En ocasiones, para apaciguar la ansiedad, se acude a algún libro en el que encontrar el sosiego que falta. Se busca la complicidad y la comprensión de alguien que no está presente, pero que ha reflexionado y entendido lo que significa caminar al borde del abismo.
Imagino que habrá muchos textos o autores a los que acudir. Sin embargo, de los que yo conozco, nadie mejor que el gran escritor y poeta portugués Fernando Pessoa, que supo traducir esos inquietantes sentimientos en la que, quizás, sea su obra más conocida: Libro del desasosiego. Me vais a permitir, pues, que extraiga algunas frases de Pessoa sacadas de ese brillante libro para que nos acerquemos a alguien que supo expresar magistralmente el más íntimo “desasosiego”:
“Huérfano de fortuna, tengo, como todos los huérfanos, necesidad de ser objeto de afecto por parte de alguien”.

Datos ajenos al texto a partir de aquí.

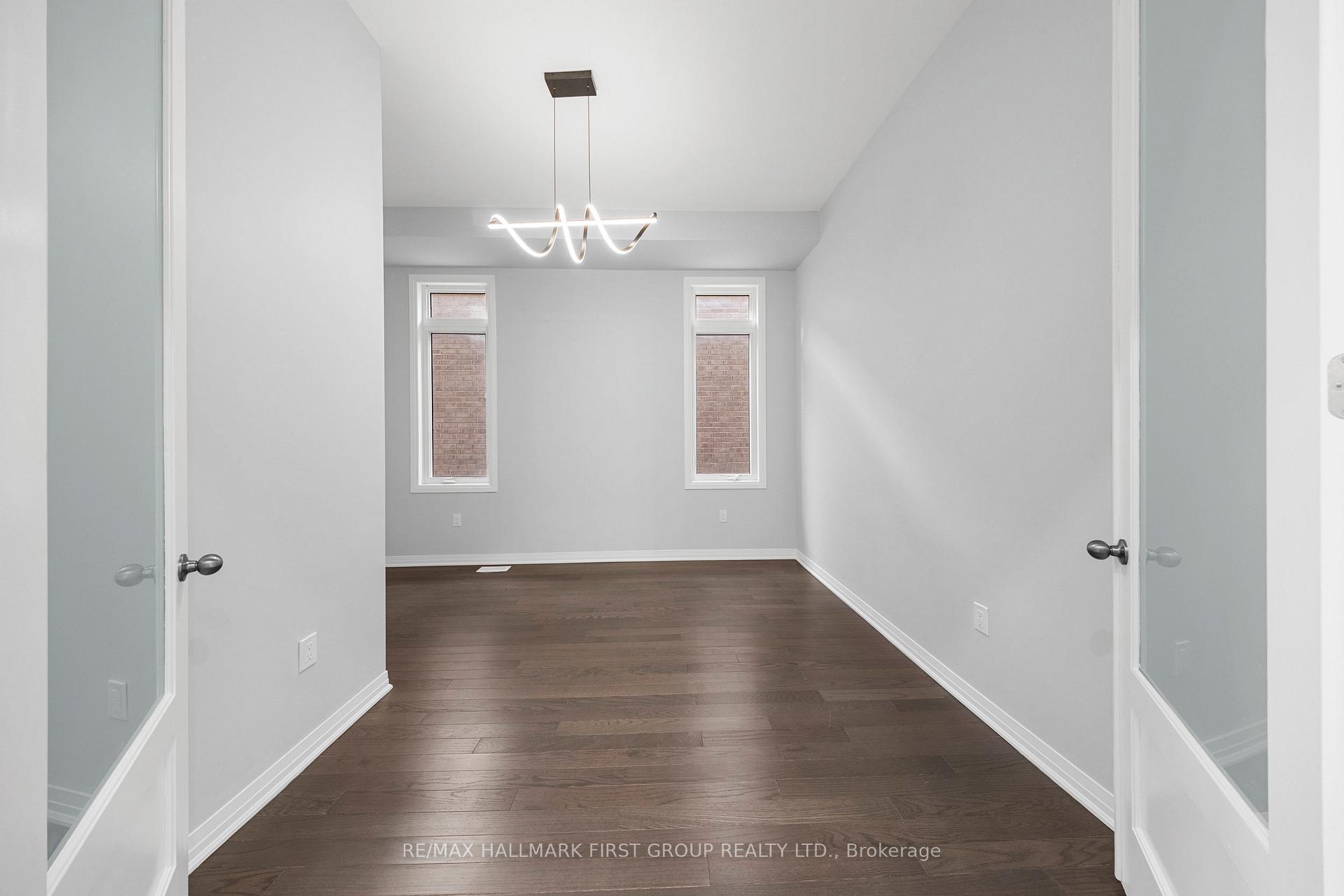 Photo 7 of 235 Port Darlington Road, Clarington, Bowmanville — HOMEH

“Todo se me evapora. Mi vida entera, mis recuerdos, mi imaginación y todo lo que contiene, mi personalidad, todo se me evapora”.
“He creado en mí varias personalidades. Creo personalidades constantemente. Cada sueño mío es inmediatamente, en el momento de aparecer soñado, encarnado en otra persona que pasa a soñarlo, y yo no”.
“Mi alma está hoy triste hasta el cuerpo. Todo yo me duelo, memoria, ojos y brazos. Hay una especie de reumatismo en todo cuanto soy. No influye en mí la claridad límpida del día, ni el cielo de un gran azul puro, marea alta parada de luz difusa”.
“Estoy triste, pero no con una tristeza definida, ni siquiera con una tristeza indefinida”.
“Estas expresiones no traducen exactamente lo que siento porque sin duda nada puede traducir exactamente lo que alguien siente”.
A estas alturas del relato, alguien puede preguntarse: ¿A cuento de qué viene esto si la semana anterior ya leímos el excelente artículo [Nadie cambia la vida] que había publicado en este mismo medio Antonio López Hidalgo, con ilustraciones de Jes Jiménez?
Cierto. A medida que yo iba leyendo el trabajo de López Hidalgo asomaban a mi mente recuerdos imborrables de la infancia y, también, las lecturas de dos grandes autores que expresan el desasosiego, la ansiedad y el sentimiento que se sienten ante el fracaso en la vida.
Ya he citado al portugués Fernando Pessoa. Pero antes de abordar al gran poeta español Jaime Gil de Biedma, me vais a permitir que comente el recuerdo de mis primeros años en Alburquerque, mi pueblo de origen, que está asociado con el título de este escrito.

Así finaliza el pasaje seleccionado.